Housing Minister Megan Woods says Kāinga Ora must do better after it demolished nine state homes that Ngāi Te Rangi planned to acquire for families stuck in "atrocious living conditions".

Tauranga-based Ngāi Te Rangi had been in negotiations with Kāinga Ora for over a year and planned to relocate nine Rotorua state houses to Māori land in its rohe.

Today Ngāi Te Rangi chief executive Paora Stanley shared his disappointment.

“I think there are a lot of missed opportunities that occurred as a result of this stuff-up and there is a missed opportunity for simply our people,” he said.

Matakana Island kaumātua Hauata Palmer had been involved in the plans to have these houses moved to Tauranga. He was also part of the Ngāi Te Rangi iwi that went to Rotorua to pick out which houses would be best suited for his people, back in October last year.

Disappointed iwi, whānau

“It is not that we are angry but that we didn’t know it had stopped,” Palmer said. “That is what we are disappointed with. What now?”

For a year Ngāi Te Rangi iwi and Kainga Ora planned to have the nine Rotorua state houses relocated onto Māori land on Matakana and Katikati.

These houses were to go to families in desperate need of a home, had Māori land to put these houses on, and could pay close to $130,000 for refurbishment costs.
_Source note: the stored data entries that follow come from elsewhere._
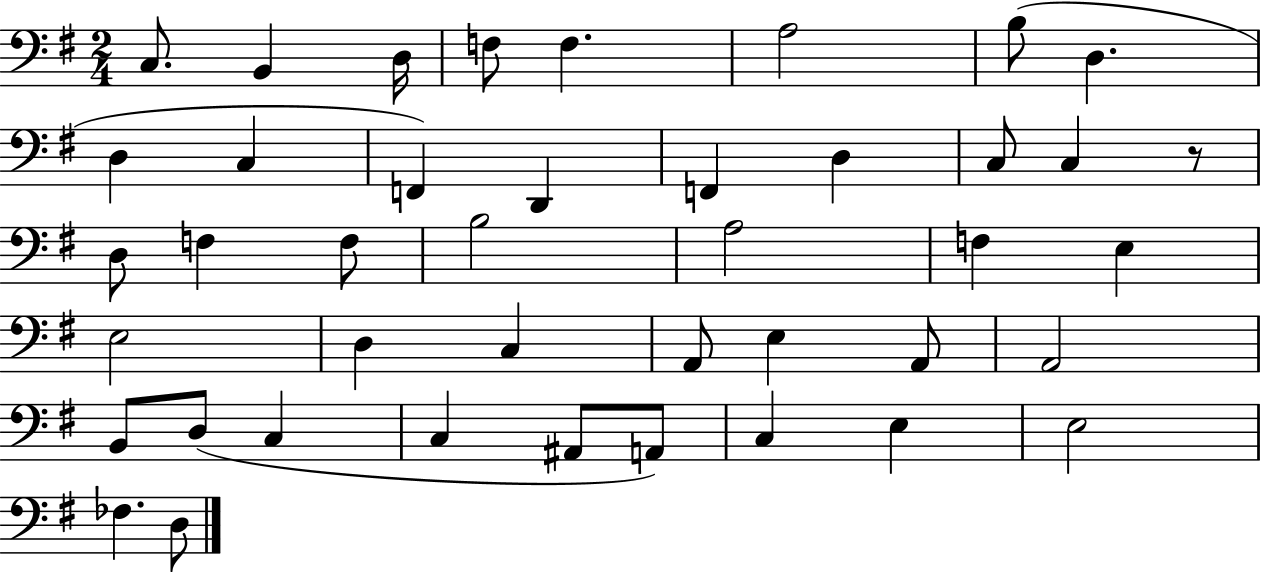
{
  \clef bass
  \numericTimeSignature
  \time 2/4
  \key g \major
  c8. b,4 d16 | f8 f4. | a2 | b8( d4. | \break d4 c4 | f,4) d,4 | f,4 d4 | c8 c4 r8 | \break d8 f4 f8 | b2 | a2 | f4 e4 | \break e2 | d4 c4 | a,8 e4 a,8 | a,2 | \break b,8 d8( c4 | c4 ais,8 a,8) | c4 e4 | e2 | \break fes4. d8 | \bar "|."
}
However, on June 2 this year Kāinga Ora pulled out in a  notifying email to the iwi.

Kāinga Ora told Te Ao Mārama in a statement, “As the conversations with Ngāi Te Rangi were proceeding, a decision was made to demolish the homes in Rotorua to maintain momentum with the redevelopment project there, rather than relocate them.

‘Mismatched  expectations’

“There was a range of different factors involved here including issues of communication, mismatched expectations, planning and due diligence, both between Kāinga Ora and Ngāi Te Rangi, and within Kāinga Ora”.

“We are still very much committed to working alongside the iwi to realize their housing aspirations, and appreciate it will take time to rebuild our relationship as future partners, for the benefit of whānau, tamariki, and mokopuna in their rohe,” The agency said.

But Housing Minister Megan Woods today said Kāinga Ora fell short of her expectations and did not meet the standards required.

“I have communicated to Kāinga Ora that they must do better and have been assured that this was an isolated incident, in which important lessons were learned. Kāinga Ora has, rightly, apologised to Paora Stanley.”

Stanley says people have apologised. “But I think we have got a problem. They have a range of different solutions to resolve that problem and until something is set out clearly in stone and authorised by the chief executive I am not expecting anything and it will continue.”